[Items from a data source]
━━━━━━━━━━

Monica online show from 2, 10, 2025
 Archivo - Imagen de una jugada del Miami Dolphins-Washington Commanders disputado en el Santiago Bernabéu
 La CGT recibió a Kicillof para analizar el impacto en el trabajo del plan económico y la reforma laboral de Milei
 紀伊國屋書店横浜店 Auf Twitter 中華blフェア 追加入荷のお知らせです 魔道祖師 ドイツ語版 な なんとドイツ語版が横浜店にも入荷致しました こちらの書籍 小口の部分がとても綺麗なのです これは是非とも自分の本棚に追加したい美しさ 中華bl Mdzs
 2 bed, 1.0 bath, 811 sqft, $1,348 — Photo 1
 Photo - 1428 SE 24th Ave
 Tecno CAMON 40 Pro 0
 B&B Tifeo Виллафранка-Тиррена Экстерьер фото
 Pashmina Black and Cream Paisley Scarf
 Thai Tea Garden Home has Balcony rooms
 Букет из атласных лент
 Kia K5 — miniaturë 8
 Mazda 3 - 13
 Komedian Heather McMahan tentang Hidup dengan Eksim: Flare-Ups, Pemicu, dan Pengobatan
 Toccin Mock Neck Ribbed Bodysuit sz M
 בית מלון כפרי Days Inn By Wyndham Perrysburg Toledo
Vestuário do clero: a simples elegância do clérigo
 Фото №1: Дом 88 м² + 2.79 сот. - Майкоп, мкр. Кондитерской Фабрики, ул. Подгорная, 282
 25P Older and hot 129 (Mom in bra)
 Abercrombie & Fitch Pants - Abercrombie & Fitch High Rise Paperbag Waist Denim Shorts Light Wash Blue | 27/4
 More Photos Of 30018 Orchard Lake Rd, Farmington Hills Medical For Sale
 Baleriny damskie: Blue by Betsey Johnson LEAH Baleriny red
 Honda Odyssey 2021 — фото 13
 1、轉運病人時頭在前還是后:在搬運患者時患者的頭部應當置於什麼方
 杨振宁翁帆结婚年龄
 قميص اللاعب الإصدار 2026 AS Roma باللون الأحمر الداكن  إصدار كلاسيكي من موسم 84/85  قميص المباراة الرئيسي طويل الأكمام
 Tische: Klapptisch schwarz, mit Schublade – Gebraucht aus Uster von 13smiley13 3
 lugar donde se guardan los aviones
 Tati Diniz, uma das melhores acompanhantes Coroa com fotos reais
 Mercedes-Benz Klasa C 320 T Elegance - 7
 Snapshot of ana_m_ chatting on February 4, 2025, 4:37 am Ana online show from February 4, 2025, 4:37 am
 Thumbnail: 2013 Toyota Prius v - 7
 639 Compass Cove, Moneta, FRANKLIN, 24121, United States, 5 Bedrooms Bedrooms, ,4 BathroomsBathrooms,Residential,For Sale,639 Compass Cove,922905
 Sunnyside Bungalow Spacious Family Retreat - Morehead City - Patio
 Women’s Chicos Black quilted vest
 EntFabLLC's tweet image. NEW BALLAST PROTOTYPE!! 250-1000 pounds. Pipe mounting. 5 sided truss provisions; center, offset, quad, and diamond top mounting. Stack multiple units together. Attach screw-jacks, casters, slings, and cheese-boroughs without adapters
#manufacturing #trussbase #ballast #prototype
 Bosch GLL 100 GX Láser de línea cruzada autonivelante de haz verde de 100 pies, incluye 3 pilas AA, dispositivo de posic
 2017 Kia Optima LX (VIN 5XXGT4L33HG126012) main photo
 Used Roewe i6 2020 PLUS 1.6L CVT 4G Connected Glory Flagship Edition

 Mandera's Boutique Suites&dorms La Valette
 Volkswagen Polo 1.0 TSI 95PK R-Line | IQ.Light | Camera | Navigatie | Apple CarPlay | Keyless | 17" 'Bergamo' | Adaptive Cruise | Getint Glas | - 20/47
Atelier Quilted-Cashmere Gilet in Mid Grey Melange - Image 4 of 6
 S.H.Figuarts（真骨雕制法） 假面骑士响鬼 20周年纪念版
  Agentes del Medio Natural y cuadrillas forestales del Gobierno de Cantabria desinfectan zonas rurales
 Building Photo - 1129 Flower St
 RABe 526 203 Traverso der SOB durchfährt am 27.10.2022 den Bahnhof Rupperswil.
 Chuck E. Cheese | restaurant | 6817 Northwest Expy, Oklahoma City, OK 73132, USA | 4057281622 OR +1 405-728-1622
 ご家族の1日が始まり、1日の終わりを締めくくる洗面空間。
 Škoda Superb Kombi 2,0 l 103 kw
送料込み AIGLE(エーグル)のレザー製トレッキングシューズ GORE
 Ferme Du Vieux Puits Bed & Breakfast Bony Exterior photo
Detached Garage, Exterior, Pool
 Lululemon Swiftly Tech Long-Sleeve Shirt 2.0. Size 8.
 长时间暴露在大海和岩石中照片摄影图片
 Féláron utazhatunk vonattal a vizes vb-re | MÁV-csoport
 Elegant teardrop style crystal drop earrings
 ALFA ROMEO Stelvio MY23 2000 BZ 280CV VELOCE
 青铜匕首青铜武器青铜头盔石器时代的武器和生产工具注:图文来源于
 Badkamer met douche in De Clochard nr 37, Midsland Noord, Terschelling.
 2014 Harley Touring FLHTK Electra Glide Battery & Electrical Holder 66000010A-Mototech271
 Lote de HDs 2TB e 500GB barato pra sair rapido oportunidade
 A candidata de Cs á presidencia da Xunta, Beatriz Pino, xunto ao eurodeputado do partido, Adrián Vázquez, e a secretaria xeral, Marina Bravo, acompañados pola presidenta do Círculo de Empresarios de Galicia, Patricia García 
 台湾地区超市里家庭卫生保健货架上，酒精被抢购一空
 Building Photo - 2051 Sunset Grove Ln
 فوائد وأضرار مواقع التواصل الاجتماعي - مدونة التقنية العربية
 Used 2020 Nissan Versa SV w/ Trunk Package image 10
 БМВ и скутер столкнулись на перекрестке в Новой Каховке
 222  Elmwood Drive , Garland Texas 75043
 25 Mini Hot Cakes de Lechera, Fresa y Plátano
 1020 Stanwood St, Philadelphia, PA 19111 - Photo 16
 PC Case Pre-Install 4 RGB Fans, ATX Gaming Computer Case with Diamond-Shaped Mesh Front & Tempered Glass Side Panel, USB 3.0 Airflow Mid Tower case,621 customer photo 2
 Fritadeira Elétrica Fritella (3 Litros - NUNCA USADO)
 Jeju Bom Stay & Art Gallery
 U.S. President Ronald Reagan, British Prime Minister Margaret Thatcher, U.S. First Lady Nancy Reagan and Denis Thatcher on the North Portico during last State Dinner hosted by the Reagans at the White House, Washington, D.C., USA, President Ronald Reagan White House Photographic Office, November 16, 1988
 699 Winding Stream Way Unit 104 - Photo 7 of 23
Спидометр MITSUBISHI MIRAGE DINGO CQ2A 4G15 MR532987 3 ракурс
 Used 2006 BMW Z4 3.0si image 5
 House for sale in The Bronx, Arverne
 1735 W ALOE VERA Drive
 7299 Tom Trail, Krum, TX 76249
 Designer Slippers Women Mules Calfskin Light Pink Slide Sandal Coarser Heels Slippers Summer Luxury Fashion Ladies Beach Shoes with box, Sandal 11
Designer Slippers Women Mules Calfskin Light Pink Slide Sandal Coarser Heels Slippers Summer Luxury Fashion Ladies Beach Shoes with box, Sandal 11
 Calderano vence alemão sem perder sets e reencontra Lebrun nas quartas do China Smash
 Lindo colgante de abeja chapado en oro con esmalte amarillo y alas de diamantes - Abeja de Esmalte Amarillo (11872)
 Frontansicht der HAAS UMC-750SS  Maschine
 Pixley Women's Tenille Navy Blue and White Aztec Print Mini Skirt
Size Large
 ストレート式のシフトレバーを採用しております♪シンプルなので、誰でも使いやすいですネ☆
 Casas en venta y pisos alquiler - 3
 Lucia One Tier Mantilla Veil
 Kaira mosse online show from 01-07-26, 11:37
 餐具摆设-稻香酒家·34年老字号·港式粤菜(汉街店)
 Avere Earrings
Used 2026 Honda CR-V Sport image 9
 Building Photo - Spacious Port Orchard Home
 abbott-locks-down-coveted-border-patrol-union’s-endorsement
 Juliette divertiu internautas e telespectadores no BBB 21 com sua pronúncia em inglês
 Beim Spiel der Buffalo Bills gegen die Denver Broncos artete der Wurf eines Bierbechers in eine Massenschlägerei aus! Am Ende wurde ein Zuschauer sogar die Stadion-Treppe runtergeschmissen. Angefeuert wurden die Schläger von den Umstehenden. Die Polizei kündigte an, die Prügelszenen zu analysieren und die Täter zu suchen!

━━━━━━━━━━

• _Prompt_: List the lines of the records where "Slide" occurs.

• _Your solution_:
 Designer Slippers Women Mules Calfskin Light Pink Slide Sandal Coarser Heels Slippers Summer Luxury Fashion Ladies Beach Shoes with box, Sandal 11
Designer Slippers Women Mules Calfskin Light Pink Slide Sandal Coarser Heels Slippers Summer Luxury Fashion Ladies Beach Shoes with box, Sandal 11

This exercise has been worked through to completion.